MS: What is the most valuable advice you’ve received?
AD: The most valuable advice that has been resonating recently actually came from my mother which she used to tell me as a kid. She said something along the lines of... think of life and business as operating an ice cream shop. We're all tempted to create all these fanciful flavors and toppings but if we don't get our chocolate and vanilla staples down, the rest is for nothing. One can have an incredibly successful ice cream shop just offering incredibly delicious and mastered vanilla and chocolate ice cream. Basically have a strong foundation and master the foundations before trying to spin too many plates and overcomplicate things. 
MS: What was a challenge you did not expect to overcome that you did?
AD: I used to be incredibly depressed as a kid, and I didn't think that would ever change. Luckily to my surprise I rebounded dramatically and would say I'm a pretty genuinely happy person today. 
MS: Looking back on life, how have you or values shifted or refined?
AD: I didn't grow up caring much about health or the environment really. I grew up eating cereal, pizza, pasta/mac and cheese almost every meal with soda for much of my childhood. To think I would be investing in health now would be a shock to my early self. In my teenage and college years I hung out with a lot of people who were very against capitalism and shaped my worldview accordingly. I had this view that making money was evil and it wasn't until I actually had my own business that I was able to empathize and see the world in my complex colors. Everything is not black and white but a complex symphony of yin and yang. 
MS: What are you most proud of and why?
AD: I would say I'm most proud of the podcast. It feels special to be able to connect with hundreds of innovative trailblazing mycologists all around the world and share their stories with everyone else. A lot of these humble scientists like to stay in the shadows and don't know how to market their amazing research so it feels humbling and like a huge honor to be able to put the spotlight on their work. 

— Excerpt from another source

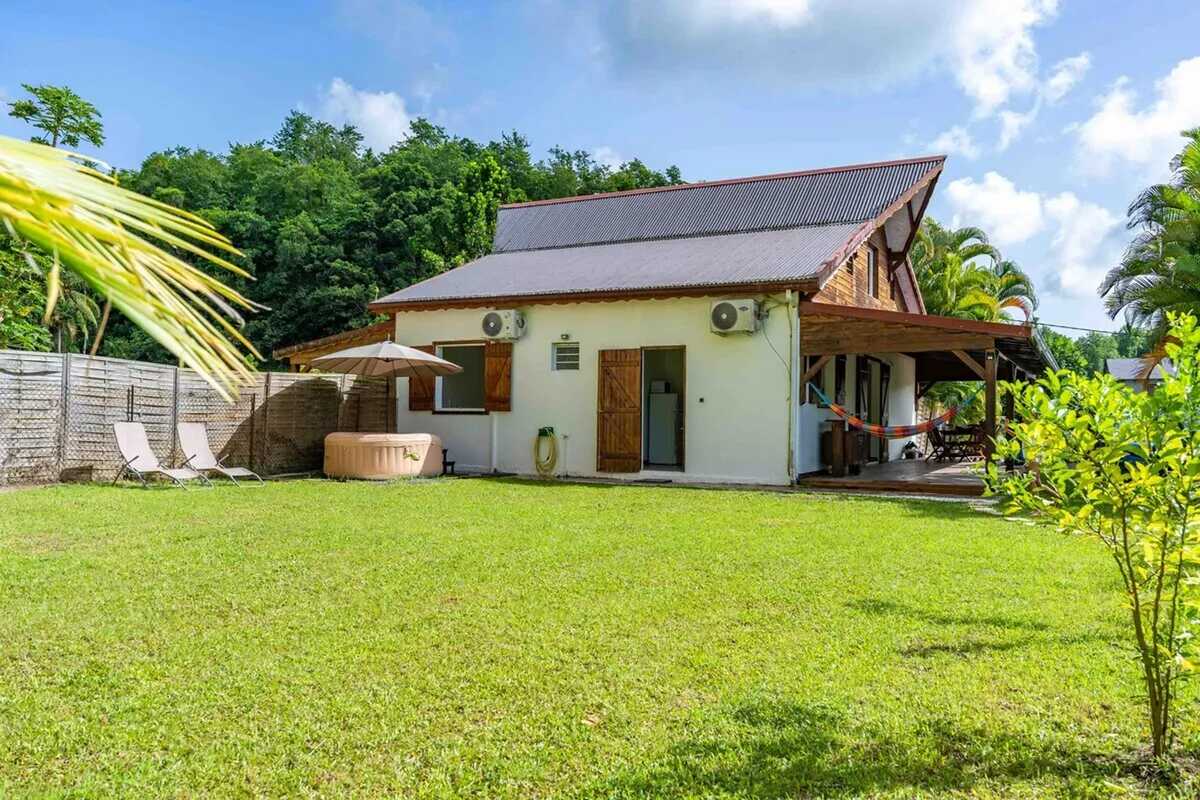 Maison 70 m² avec jacuzzi aux Abymes, 6 personnes - Photo 2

MS: What does being a part of a community mean to you? / What does community mean to you?
AD: My definition is definitely changing throughout time, and to be honest I haven't fully figured it out. But I think above all being part of a group of organisms who all have the same 10,000 feet goal. I think all organisms on the planet are all one big community trying to survive, then all humans, then people in the US, your state, town, neighborhood, interest group, etc. You might not see eye to eye on all things but probably have the same 10,000 feet goals. 

“The specifics of my definition of success is constantly changing, but the broader answer is: happiness.”


“Life is beautiful and intricate. The beauty in the world inspires me to create more, and the suffering inspires me to end it.”